(Material provided begins)

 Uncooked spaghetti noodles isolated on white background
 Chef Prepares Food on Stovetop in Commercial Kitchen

(Material provided ends)
(Material provided begins)

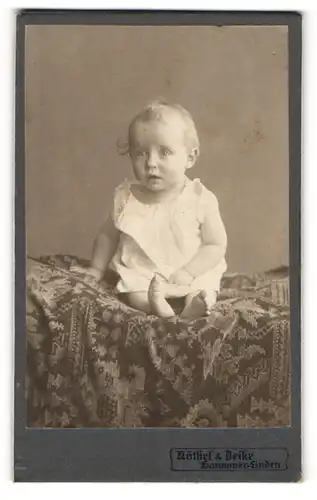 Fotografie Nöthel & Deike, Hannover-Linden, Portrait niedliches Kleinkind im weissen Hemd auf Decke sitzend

(Material provided ends)
(Material provided begins)

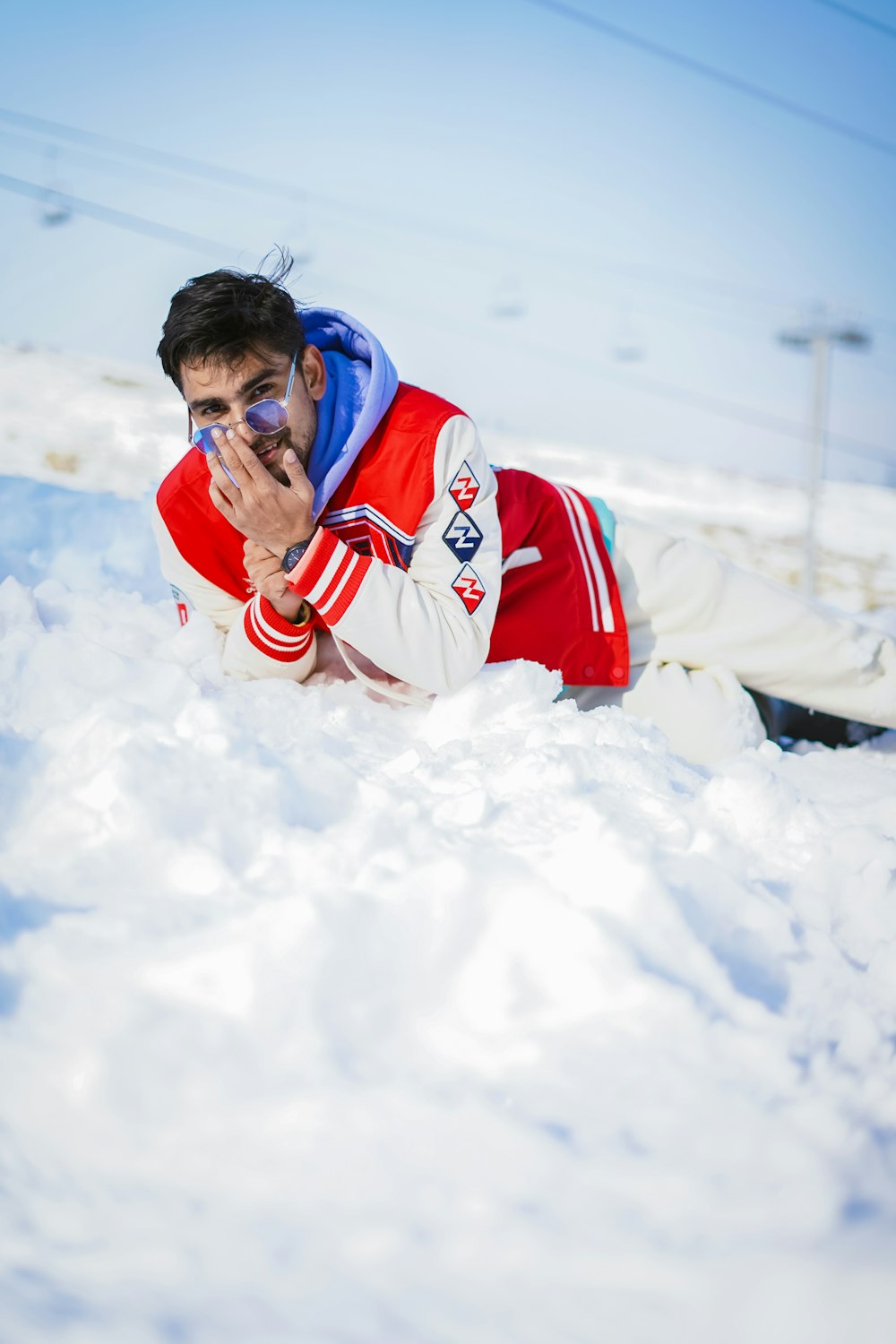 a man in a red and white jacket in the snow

(Material provided ends)

_Work instruction_
The range runs from the line with "Uncooked spaghetti noodles" up to and including the line with "Chef Prepares Food" in the listing above; please write out exactly those lines and nothing more.

_Problem solution_
 Uncooked spaghetti noodles isolated on white background
 Chef Prepares Food on Stovetop in Commercial Kitchen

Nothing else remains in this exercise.